In sostanza, contrariamente a quanto verrebbe fatto di credere secondo le narrazioni pauperistiche svolte dai media per quanto riguarda gli effetti della crisi, il numero delle dimissioni supera quello dei licenziamenti. Nel triennio 2014-2015-2016, arrotondando i numeri, i licenziamenti sono stati 1,9 milioni, le dimissioni 2,5 milioni (peraltro obbligate all’esecuzione di procedure specifiche e quindi tutelate contro gli eventuali abusi). E’ interessante osservare – anche perché sono previste regole differenti in caso di recesso del datore – l’ammontare dei licenziamenti e delle dimissioni a seconda del numero di occupati (aziende fino a 15 dipendenti oppure oltre tale limite). Nel 2014, nelle imprese minori, vi sono stati 402mila licenziamenti (329mila per giustificato motivo oggettivo e solo 33mila per motivi disciplinari) a fronte di 493mila dimissioni a cui vanno aggiunte 11mila risoluzioni consensuali. Nelle imprese con più di 15 dipendenti i licenziamenti sono stati 268mila (di cui 197mila per motivi oggettivi e solo 22mila per motivi disciplinari) mentre le dimissioni 338mila (più 19mila risoluzioni consensuali). Nel 2015, nelle imprese con meno di 15 dipendenti, sono stati 402mila i licenziamenti (di cui 330mila i licenziamenti di carattere economico), 536mila le dimissioni (più 11mila risoluzioni consensuali). Nelle aziende che superano quel limite si è trattato di 221mila licenziamenti e 402mila dimissioni (20mila le risoluzioni consensuali).

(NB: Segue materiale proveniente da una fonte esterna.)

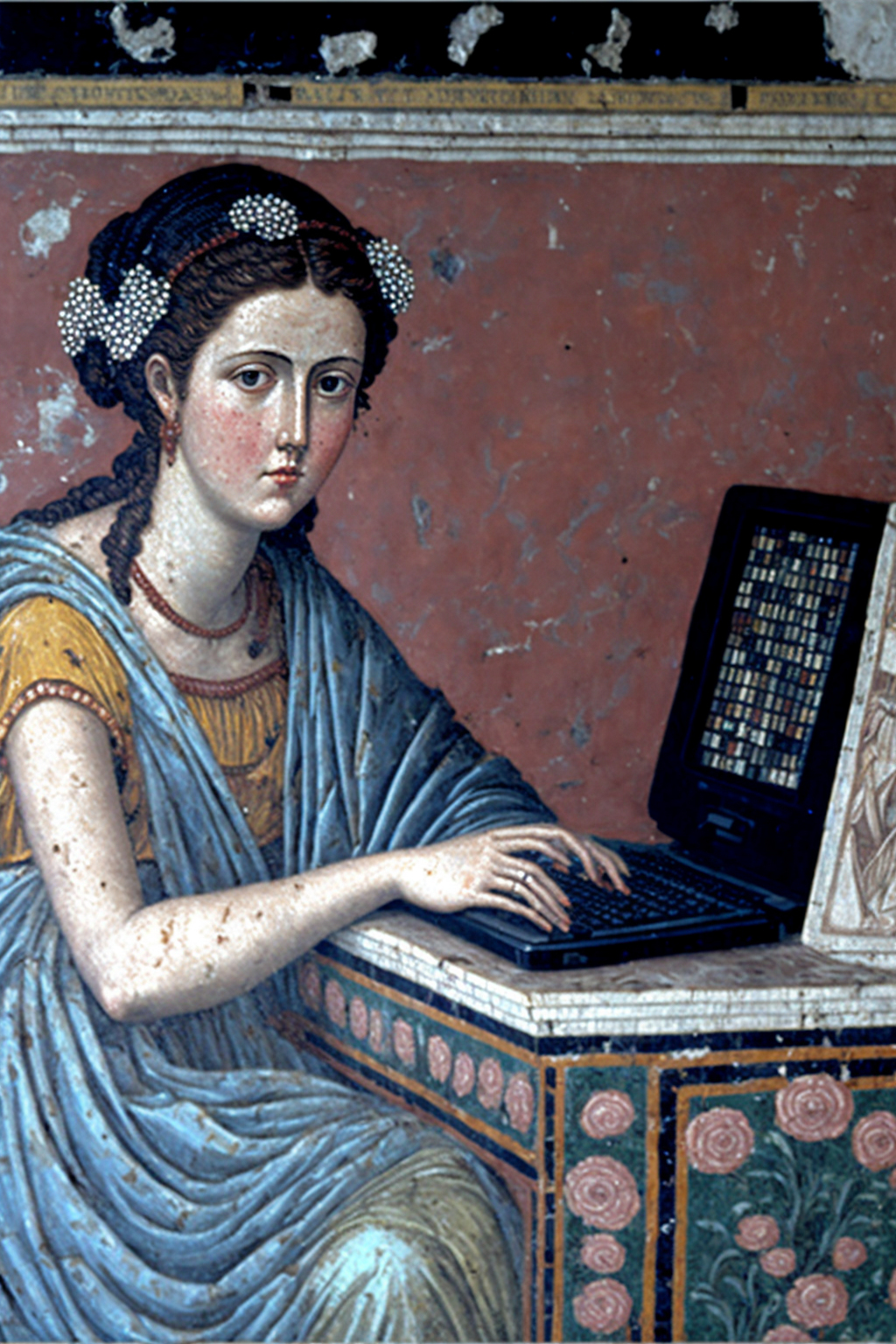 Jamie_Stantonian_LDN_pompeii_mosaic_of_a_woman_using_a_computer_80b3a2ab-219d-401e-a1d5-3e4e14169844.png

Nell’anno scorso, nelle piccole imprese vi sono stati 411mila licenziamenti (di cui 341mila avvenuti per giustificato motivo oggettivo) e 444mila dimissioni (più 7.800 risoluzioni consensuali). Nelle aziende più grandi a fronte di 234mila licenziamenti le dimissioni sono state 367mila (22mila le risoluzioni consensuali). E’ interessante vedere il numero delle relazioni consensuali nel triennio: 30.540 nelle piccole imprese, 61.513 nelle aziende con oltre 15 dipendenti (contando i numeri interi). In totale più di 92mila casi. Ciò, presumibilmente, in base a quanto previsto dall’articolo 3, comma 2, del decreto legislativo n. 22/2015 che stabilisce che la NASpI è riconosciuta oltre che nei casi di licenziamento anche ai lavoratori che hanno rassegnato le dimissioni per giusta causa e nei casi di risoluzione consensuale del rapporto di lavoro intervenuta nell’ambito della procedura di cui all’articolo 7 della legge n. 604/1966. Sarebbe curioso approfondire quanti di questi lavoratori entreranno a far parte di qualche coorte di “esodati”.
Nell’Osservatorio sono stati rilevati tutti i rapporti di lavoro attivati nel periodo considerato, anche quelli in capo ad uno stesso lavoratore, con riguardo a tutte le tipologie di lavoro subordinato, incluso il lavoro somministrato e quello intermittente. Nel triennio 2014-2015-2016 sono stati attivati più di 4,5 milioni di rapporti a tempo indeterminato, mentre quelli a termine sono stati 10,5 milioni (questa tipologia di rapporto non teme la concorrenza di altri, ancorché più agevolati). Le assunzioni in apprendistato sono stati in totale 651mila. Il numero più basso (181mila) si è avuto nel 2015 in concomitanza con l’avvio del contratto a tutele crescenti e con l’erogazione, a livello di massima convenienza, del bonus per le assunzioni (che valeva anche per le trasformazioni del contratto di apprendistato).